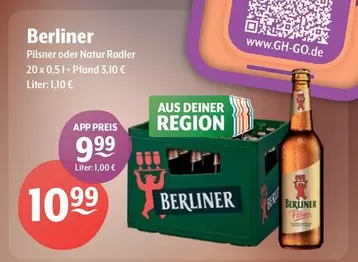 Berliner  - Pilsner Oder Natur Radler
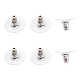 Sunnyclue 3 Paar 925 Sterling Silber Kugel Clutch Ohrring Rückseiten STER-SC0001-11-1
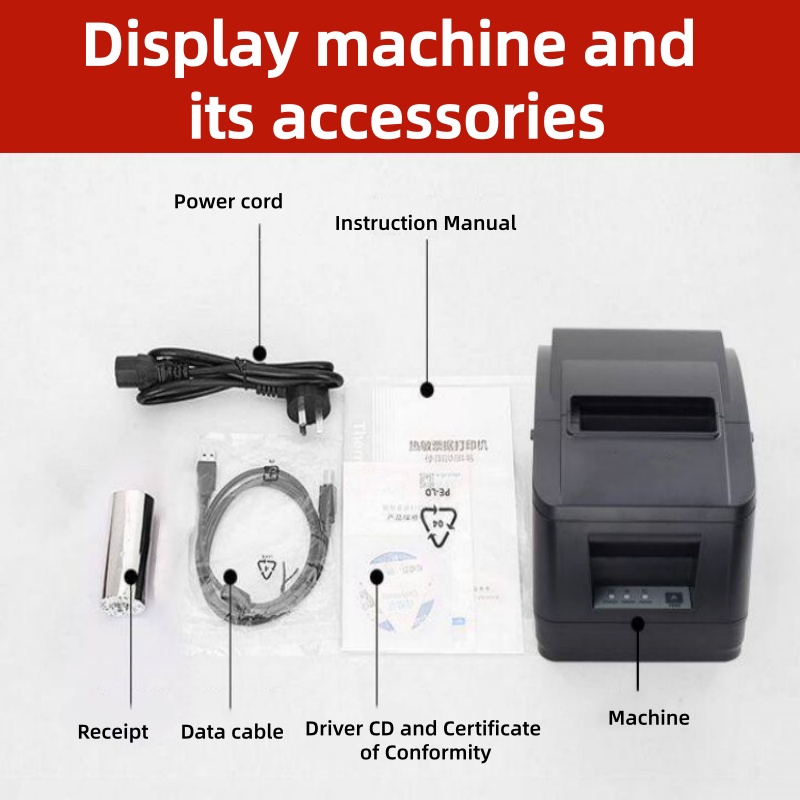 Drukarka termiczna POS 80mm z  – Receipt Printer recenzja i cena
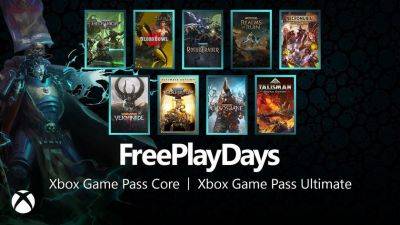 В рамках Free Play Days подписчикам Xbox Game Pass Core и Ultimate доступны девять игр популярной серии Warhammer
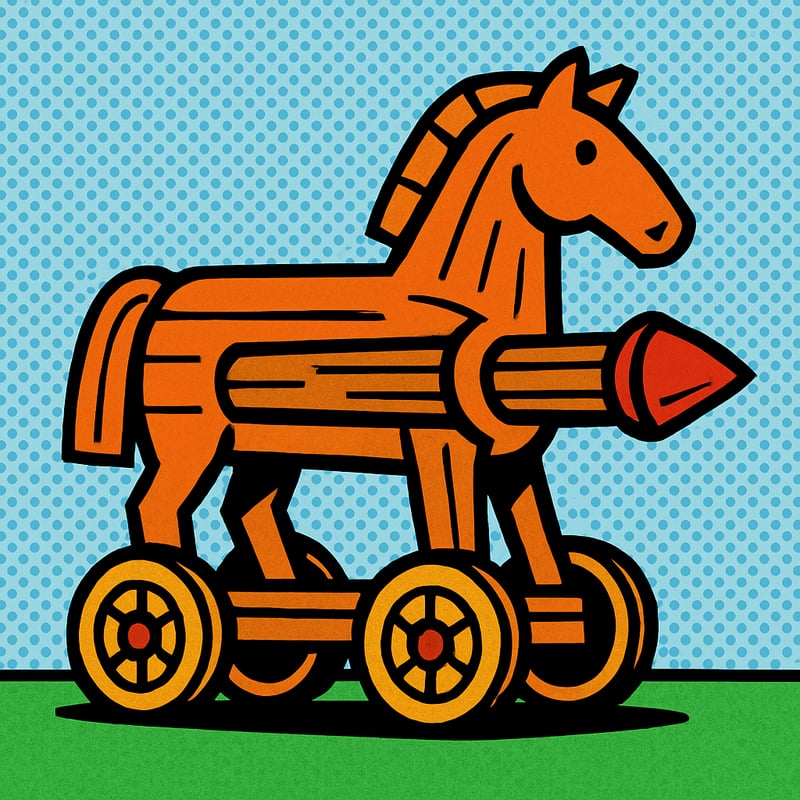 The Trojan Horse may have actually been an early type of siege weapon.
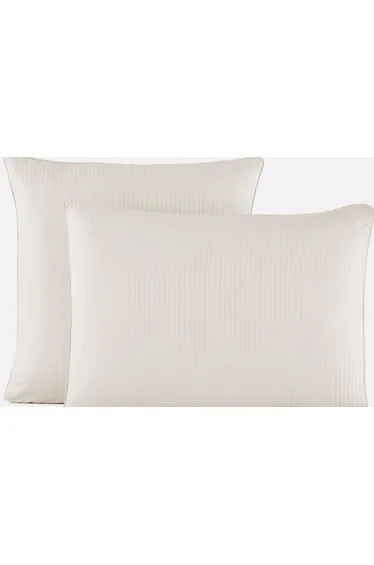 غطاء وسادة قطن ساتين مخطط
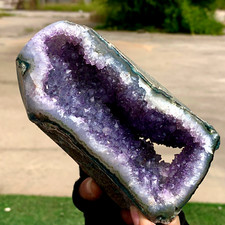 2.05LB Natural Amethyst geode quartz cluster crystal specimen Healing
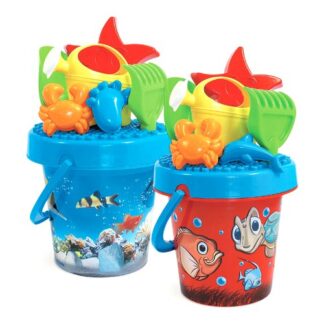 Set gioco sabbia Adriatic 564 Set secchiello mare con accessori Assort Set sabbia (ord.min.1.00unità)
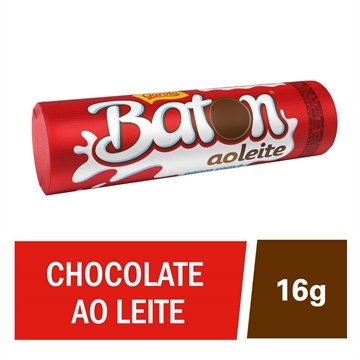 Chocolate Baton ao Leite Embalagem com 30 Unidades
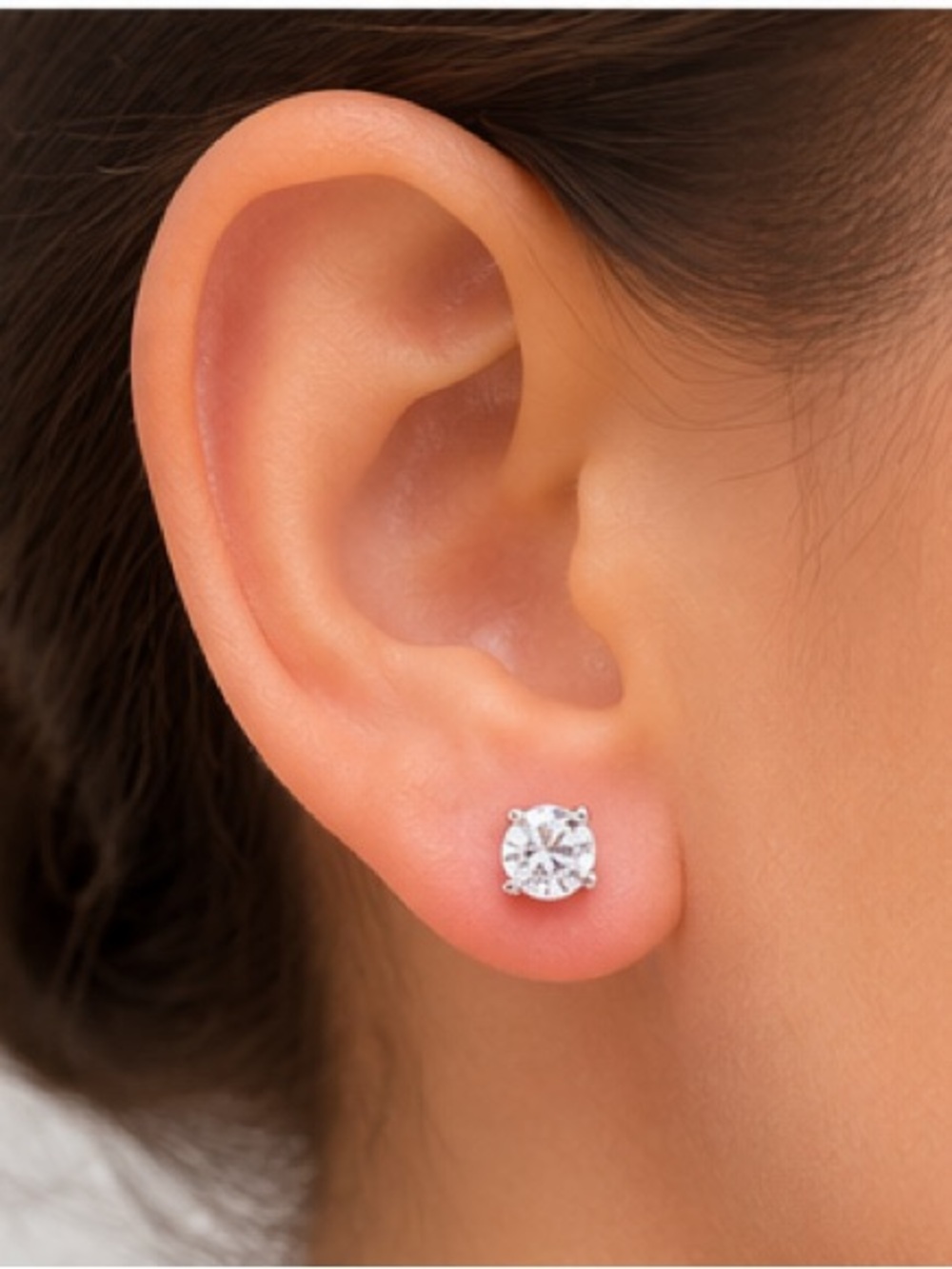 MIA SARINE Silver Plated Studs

...

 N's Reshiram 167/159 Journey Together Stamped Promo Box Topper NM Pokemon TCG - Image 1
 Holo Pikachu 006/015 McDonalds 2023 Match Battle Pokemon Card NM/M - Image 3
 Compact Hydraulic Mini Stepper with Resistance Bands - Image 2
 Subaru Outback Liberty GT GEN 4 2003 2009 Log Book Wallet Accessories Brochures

ASSIGNMENT
Above are some entries; copy exactly the lines from the line with "Oder Natur Radler" through the line with "MIA SARINE Silver Plated Studs", both included, but none of the pictures.

RESPONSE BOX
 Berliner  - Pilsner Oder Natur Radler
 Sunnyclue 3 Paar 925 Sterling Silber Kugel Clutch Ohrring Rückseiten STER-SC0001-11-1
 Drukarka termiczna POS 80mm z  – Receipt Printer recenzja i cena
 В рамках Free Play Days подписчикам Xbox Game Pass Core и Ultimate доступны девять игр популярной серии Warhammer
 The Trojan Horse may have actually been an early type of siege weapon.
 غطاء وسادة قطن ساتين مخطط
 2.05LB Natural Amethyst geode quartz cluster crystal specimen Healing
 Set gioco sabbia Adriatic 564 Set secchiello mare con accessori Assort Set sabbia (ord.min.1.00unità)
 Chocolate Baton ao Leite Embalagem com 30 Unidades
 MIA SARINE Silver Plated Studs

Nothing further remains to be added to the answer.